Fording the swollen Gorbeck
Fording the swollen Gorbeck

Despite the heavy rain the previous night and resultant muddy trail to start with, plus a temporarily swollen beck, the Settle Loop is simply a ten-mile loop walk out of and back to Settle with frequent moderate views. It is climbing for the first four miles, then mostly levels out with just a little more ascent, then drops back down to the town. Pleasant enough, with some good limestone country being traversed, however I am not at all sure why it is part of the Pennine Bridleway. I enjoyed it, but it is very much an optional walk that many could, and probably do, skip.

Any rain, mist and low cloud had cleared off well before I reached my sharp right turn at the junction of bridleways at Langscar. I had considered continuing onward here for an off trail visit to Malham Cove, but not only had I gone there when I hiked the Pennine Way, but I had chores awaiting me in Settle. So I took a few minutes out to simply view the anomaly that is Malham Tarn below me before turning up to the Grizedales and a walk through limestone pavements toward the cows awaiting me. Large and impressive beasts, those sprawled across the path couldn’t even be bothered to stand up and impassively watched me skirt them, obviously very familiar with the many day walkers and cyclists that pass this way.

Climbing toward Twin Bottom, Malham Tarn in the distance behind me
Climbing toward Twin Bottom, Malham Tarn in the distance behind me. This natural lake sits on a bed of Silurian slate. Anywhere else and it would drain away through the surrounding porous limestone
Settle Loop signage

My day eleven walk from my overnight halt, round the loop and back into town, was a modest 8.54 miles with 980 feet of ascent. If I had then carried on round the loop it would have been 9.78 miles to the second turnoff waymarker post where the trail continued northward (with 1495 feet ascent) or 10.14 miles to where I had wildcamped the night before (with 1495 feet of ascent).

“can I help?”

“not unless you have a spare freewheel in your pack

The ten mile long Settle Loop can be tackled either clockwise or anticlockwise, but there is a long and steep ascent and a long and steep descent regardless of which way it is completed. Beginning my home stretch down the rocky Stockdale Lane, I began to meet the first of the day walkers out of Settle, most headed to Malham Cove, some walking the Loop. Some looked to be enjoying the start to their day immensely, others less so. With the climb out of Settle these included many very obviously reluctant children, dragging their heels many paces behind enthusiastic parents. Two forlorn cyclists inspected a broken freewheel. It was going to be a difficult return to the car for one of them. The rocky path is easy enough to walk up or down with care, but pity the cyclist or horse-rider.

Rocky path descending to Stockdale Farm
Rocky Stockdale Road descending to Stockdale Farm.
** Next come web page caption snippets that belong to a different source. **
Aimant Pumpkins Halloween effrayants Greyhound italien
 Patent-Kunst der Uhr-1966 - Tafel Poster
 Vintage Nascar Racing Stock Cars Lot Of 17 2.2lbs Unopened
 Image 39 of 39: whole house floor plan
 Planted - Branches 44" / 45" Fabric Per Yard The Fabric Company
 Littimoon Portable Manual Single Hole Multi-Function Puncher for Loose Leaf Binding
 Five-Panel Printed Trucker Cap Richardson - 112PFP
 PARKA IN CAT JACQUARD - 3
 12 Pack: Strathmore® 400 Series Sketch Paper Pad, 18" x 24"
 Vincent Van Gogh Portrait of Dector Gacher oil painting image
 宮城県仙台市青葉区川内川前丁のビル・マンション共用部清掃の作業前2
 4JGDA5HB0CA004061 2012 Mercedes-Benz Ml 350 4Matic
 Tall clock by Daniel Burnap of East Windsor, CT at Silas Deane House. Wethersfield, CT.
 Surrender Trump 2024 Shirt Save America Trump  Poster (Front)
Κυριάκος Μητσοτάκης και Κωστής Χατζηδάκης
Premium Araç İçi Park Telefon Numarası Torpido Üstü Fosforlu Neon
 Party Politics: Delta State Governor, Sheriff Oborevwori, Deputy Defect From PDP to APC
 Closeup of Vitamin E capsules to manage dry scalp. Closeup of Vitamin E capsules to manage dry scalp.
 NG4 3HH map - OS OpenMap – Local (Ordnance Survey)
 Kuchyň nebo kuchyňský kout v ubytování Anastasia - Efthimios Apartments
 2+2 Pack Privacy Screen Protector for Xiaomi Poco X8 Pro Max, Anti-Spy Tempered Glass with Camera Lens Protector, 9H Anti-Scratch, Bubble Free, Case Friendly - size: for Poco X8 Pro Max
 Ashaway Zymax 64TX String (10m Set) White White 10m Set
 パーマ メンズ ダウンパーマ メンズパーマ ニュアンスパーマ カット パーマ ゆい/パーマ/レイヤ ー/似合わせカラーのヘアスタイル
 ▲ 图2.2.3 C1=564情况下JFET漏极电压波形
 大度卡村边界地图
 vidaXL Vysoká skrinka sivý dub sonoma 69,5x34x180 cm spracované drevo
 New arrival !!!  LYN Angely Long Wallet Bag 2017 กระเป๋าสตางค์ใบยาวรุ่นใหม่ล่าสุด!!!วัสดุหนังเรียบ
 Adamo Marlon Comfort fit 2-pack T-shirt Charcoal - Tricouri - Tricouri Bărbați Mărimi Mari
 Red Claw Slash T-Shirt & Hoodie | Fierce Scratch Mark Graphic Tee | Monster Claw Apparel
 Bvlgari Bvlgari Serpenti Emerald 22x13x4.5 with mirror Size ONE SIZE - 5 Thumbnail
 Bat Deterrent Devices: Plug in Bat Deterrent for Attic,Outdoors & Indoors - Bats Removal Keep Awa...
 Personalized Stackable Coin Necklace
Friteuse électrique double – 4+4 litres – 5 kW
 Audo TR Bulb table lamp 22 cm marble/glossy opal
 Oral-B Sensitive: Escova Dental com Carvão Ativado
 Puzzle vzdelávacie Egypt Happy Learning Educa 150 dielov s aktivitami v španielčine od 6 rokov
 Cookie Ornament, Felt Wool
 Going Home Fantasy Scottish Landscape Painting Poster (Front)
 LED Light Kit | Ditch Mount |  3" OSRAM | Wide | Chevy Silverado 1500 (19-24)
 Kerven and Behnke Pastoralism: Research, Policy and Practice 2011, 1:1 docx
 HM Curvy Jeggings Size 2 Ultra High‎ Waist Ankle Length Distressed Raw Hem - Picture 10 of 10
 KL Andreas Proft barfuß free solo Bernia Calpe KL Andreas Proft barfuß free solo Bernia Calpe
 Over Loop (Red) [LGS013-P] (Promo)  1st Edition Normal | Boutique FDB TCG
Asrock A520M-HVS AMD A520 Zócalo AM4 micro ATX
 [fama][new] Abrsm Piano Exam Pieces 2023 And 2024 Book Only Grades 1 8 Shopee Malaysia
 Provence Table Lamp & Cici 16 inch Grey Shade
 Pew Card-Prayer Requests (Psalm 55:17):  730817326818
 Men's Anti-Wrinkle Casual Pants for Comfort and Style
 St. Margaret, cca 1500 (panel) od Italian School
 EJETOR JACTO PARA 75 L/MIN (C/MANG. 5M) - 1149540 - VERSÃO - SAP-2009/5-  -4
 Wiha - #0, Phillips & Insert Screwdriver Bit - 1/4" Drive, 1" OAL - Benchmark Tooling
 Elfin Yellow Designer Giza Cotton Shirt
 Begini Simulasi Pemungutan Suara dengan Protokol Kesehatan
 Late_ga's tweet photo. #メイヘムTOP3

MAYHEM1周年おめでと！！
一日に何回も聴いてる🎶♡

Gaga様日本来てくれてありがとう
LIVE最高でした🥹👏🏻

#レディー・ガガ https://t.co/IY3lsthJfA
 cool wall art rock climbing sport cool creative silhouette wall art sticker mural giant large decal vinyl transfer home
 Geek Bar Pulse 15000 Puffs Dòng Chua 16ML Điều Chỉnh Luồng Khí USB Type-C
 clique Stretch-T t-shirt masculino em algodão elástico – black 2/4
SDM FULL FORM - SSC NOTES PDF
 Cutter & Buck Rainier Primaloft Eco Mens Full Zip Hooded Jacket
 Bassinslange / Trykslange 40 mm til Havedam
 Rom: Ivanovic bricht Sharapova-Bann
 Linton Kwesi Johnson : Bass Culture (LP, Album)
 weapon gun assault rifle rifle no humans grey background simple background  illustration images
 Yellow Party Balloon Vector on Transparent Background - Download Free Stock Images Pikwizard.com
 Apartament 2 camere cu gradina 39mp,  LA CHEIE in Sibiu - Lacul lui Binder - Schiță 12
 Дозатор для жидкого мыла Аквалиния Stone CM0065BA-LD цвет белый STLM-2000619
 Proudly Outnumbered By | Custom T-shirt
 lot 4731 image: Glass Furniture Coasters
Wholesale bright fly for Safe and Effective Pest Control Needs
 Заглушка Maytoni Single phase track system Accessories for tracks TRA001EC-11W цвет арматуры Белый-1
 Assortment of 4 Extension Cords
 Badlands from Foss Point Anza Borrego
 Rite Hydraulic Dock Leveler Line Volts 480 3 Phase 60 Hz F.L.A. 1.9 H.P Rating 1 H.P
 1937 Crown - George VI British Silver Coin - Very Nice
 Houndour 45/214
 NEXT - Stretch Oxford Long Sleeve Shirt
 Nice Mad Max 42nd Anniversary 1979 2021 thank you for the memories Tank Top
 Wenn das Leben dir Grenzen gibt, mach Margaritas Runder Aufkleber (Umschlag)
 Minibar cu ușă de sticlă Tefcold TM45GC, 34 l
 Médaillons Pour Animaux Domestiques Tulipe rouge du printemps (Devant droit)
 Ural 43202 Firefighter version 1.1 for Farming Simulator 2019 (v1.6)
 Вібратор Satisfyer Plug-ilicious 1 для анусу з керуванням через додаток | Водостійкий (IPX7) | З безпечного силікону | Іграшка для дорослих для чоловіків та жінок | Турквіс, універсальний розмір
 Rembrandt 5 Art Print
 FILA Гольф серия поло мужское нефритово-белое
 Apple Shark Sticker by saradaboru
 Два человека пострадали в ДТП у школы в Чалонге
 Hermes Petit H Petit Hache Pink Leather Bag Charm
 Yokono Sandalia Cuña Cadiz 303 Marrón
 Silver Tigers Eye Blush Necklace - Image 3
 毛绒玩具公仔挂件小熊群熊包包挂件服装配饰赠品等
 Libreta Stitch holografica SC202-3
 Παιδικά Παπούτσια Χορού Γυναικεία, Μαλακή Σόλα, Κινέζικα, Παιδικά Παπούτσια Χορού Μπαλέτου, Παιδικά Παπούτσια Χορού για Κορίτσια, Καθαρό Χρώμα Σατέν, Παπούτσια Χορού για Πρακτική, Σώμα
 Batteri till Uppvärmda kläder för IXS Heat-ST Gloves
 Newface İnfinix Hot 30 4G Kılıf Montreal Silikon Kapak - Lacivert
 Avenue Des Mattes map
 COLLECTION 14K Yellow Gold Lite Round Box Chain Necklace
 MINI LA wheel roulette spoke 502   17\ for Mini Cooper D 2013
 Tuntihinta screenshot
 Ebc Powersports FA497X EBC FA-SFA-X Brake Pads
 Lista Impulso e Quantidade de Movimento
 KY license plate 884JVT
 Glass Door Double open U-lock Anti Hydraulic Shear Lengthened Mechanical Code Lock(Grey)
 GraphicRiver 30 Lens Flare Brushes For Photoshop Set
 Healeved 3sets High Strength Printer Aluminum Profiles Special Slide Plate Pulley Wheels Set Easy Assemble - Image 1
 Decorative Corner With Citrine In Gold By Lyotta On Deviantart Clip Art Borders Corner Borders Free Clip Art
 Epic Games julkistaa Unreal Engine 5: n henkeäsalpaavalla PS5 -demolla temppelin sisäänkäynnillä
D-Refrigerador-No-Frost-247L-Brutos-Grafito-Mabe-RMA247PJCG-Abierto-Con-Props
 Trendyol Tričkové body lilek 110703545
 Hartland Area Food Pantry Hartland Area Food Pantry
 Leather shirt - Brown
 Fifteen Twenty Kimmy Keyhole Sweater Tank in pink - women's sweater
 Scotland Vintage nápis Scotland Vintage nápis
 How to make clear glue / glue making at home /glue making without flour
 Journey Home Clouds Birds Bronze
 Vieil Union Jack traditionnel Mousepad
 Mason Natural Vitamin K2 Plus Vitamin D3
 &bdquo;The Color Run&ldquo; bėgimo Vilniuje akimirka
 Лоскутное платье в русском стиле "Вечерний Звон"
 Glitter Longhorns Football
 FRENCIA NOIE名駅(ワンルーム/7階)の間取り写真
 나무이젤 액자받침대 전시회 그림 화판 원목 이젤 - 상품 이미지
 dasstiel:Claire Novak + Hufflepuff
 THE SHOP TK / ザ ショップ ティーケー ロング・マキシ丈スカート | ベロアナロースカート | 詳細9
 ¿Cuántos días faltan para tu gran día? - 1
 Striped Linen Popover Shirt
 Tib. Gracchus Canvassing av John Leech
The bridleway transitioned to metalled road and I walked straight into a noisy flock of sheep being moved up from fields to farm. I stood to one side to watch the wild-eyed animals, many determined to go anywhere other than where they were being encouraged. The two riders on quad bikes, riding side-by-side, at their rear were directing six busy sheepdogs by whistle. It was a remarkable exhibition of countryside expertise.

Sharing one section of the road with the local livestock
Craggy outcrops overlook the road walk down to Settle
The craggy outcrops of Attermire Scar overlook the road walk down to Settle. ‘Scar’ is the local name for limestone cliffs
Lambert Lane bridleway
Lambert Lane bridleway
Pennine Bridleway signage at the junction for the Settle Loop
Pennine Bridleway signage at the junction for the Settle Loop

I got a bit fed up with the interminable tarmac and was relieved by a welcome stretch of stone wall bordered bridleway, that eventually, again, spat me out on to tarmac. I was soon passing the same junction waymark post I had paused at yesterday. I now knew only too well the continued descent that I had back into town.

Descending toward Settle. Ribblesdale and the Yorkshire Dales are ahead

The market town of Settle was granted a Market Charter by Henry III in 1249. It is a popular well-appointed location and the ideal place to take time out from the trail to explore, to resupply and to rest. I had booked an overnight in the Royal Oak. Despite it being a Sunday, everything was open and the town centre was busy with locals, tourists, cyclists and motorcyclists. I never saw another backpacker but I had already passed many day walkers in the surrounding hills.

Fish and Chips at The Fisherman, Settle
Fish and Chips at The Fisherman, Settle
Three day, breakfast, lunch and dinner resupply
Three day breakfast, lunch and dinner resupply
My room in the Royal Oak was sufficiently large for me to liberally decorate it with washed and unwashed clothing and equipment
My room in the Royal Oak was large enough to liberally decorate with drying clothes and equipment

Settle is home to Castleberg Outdoors, one of the best independent clothing and outdoors equipment specialists. This was my first port of call on reaching town as I wanted to pick up three dehydrated meals for the remainder of my trail. Not only were they well stocked with a couple of the better brands of these but I also enjoyed a few minutes of gear chat with one of the knowledgeable staff and we compared the relative merits of the Altra Lone Peak 4’s he was wearing against the 6’s I had on. On his recommendation, it was then off to what is possibly the best of the chippies in town- The Fisherman, for haddock, chips and mushy peas. They may know how to cook a decent F&C but hadn’t a clue about tea. I asked for a strong tea and was given a pot of water with a single teabag, plus another pot of boiling water to refill it. Presumably if I had asked for weak tea I would have just got the two pots of water. Fortunately, my brewkit was near the top of my pack and I pulled a couple of teabags from that. Having eaten, I crossed the road to the Co-op inside the petrol station to withdraw some cash and finish my food resupply with simple breakfast fare of cheese and brioche and sweet stuff for trail snacks.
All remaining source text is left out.